*The data*.
BEGIN

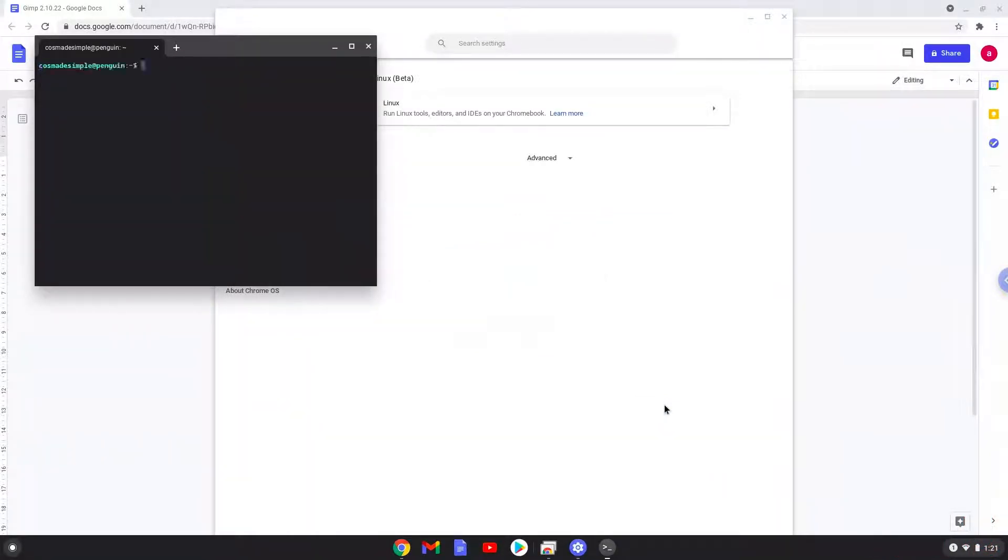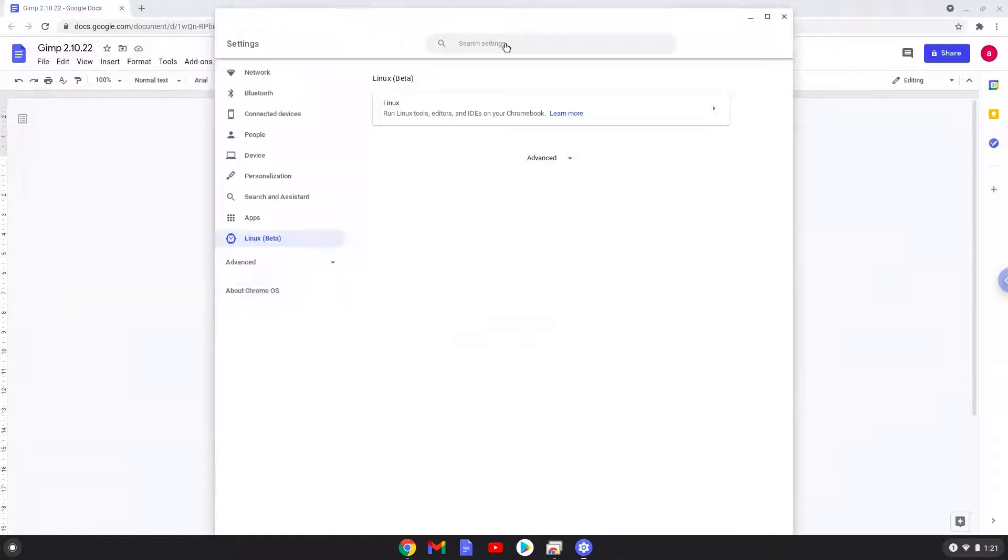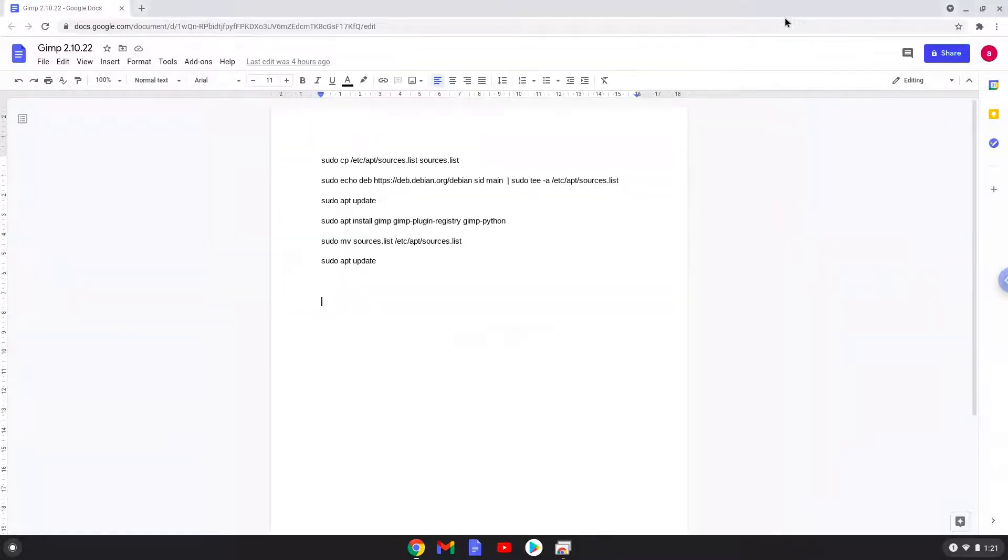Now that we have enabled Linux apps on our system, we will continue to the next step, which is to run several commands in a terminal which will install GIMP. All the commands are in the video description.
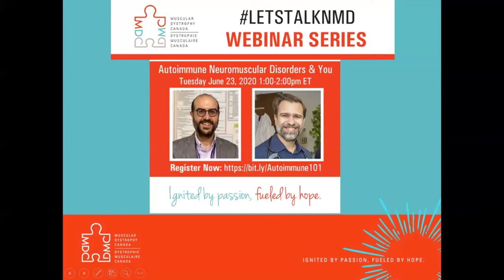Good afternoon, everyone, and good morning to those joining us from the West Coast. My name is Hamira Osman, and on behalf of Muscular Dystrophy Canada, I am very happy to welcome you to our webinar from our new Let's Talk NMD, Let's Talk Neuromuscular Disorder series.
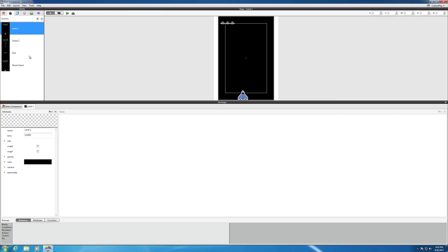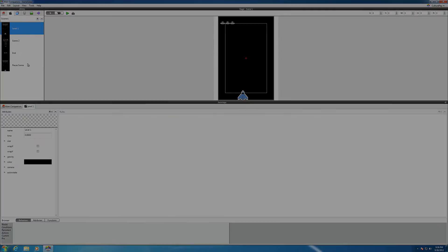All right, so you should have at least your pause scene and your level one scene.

END
BEGIN

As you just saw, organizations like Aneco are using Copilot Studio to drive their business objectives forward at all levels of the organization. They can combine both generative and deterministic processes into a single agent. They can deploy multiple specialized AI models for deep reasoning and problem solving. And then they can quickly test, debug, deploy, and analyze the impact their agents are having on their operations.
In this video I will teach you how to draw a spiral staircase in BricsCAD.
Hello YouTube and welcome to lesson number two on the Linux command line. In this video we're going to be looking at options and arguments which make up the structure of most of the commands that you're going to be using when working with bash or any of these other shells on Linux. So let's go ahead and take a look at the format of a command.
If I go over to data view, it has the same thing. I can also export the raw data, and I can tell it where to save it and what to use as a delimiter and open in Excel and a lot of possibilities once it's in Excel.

END

*What the exercise asks*. Lines containing the word "this": copy every one of them from the records above.

*Result*.
In this video I will teach you how to draw a spiral staircase in BricsCAD.
Hello YouTube and welcome to lesson number two on the Linux command line. In this video we're going to be looking at options and arguments which make up the structure of most of the commands that you're going to be using when working with bash or any of these other shells on Linux. So let's go ahead and take a look at the format of a command.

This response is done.